Listening tests reveal significant sound quality differences between various digital music storage technologies.

Oh, my, where does one even begin with this? The fact that 1s and 0s are 1s and 0s? Or the fact that that hard drives in the tests are connected to all sorts of other components, such as data busses, connectors, cables (yep), and more.

Nah, not even worth suggesting such things. Instead, let’s marvel at this comment:

QNAP1 was found to serve up music with a similar level of rhythmic drive and image soundstaging as a good CD transport playing directly into our system’s DAC. If anything, there was perceptibly more ‘drive’, in the sense of bass euphony and articulation, but this came with increased level which made the sound a tad bass heavy.
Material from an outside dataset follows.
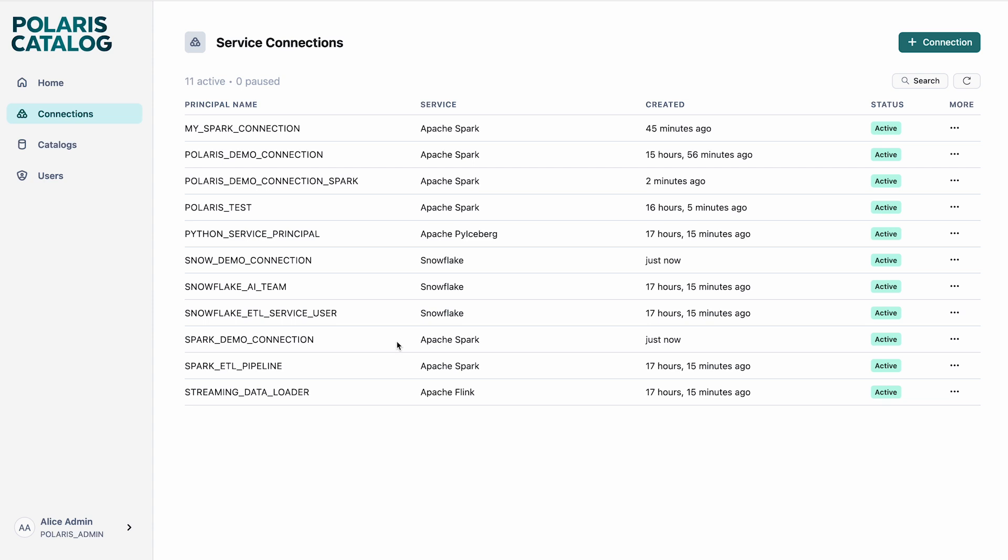At this point, it might be good to explain what the demo is going to be about. In this demo, I am going to do two scenarios. The first scenario is where I create tables using Apache Spark stored into Polaris, and then I query those tables from Snowflake. The second scenario is the reverse — I create Iceberg tables from Snowflake, push them into Polaris, and then query those tables from Apache Spark.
I mean, if you think about it, the hard drive should provide exactly the same sound as a “CD transport” playing the same music. But here, there was more “drive” and it was louder (which, you know, is physically impossible since 1s and 0s don’t have loudness).

Nevertheless:

Also, QNAP1 did not sound as clean as CD in the higher registers. Some edgy grain exaggerated the sampled horns that sets the scene in the opening of Primal Scream’s Loaded, adding to the color but nudging it off neutrality. Splash cymbals lived up to their name.

Yes, the 1s and 0s were a bit clipped in the high frequencies. Those would be the frequencies higher than 0, I assume.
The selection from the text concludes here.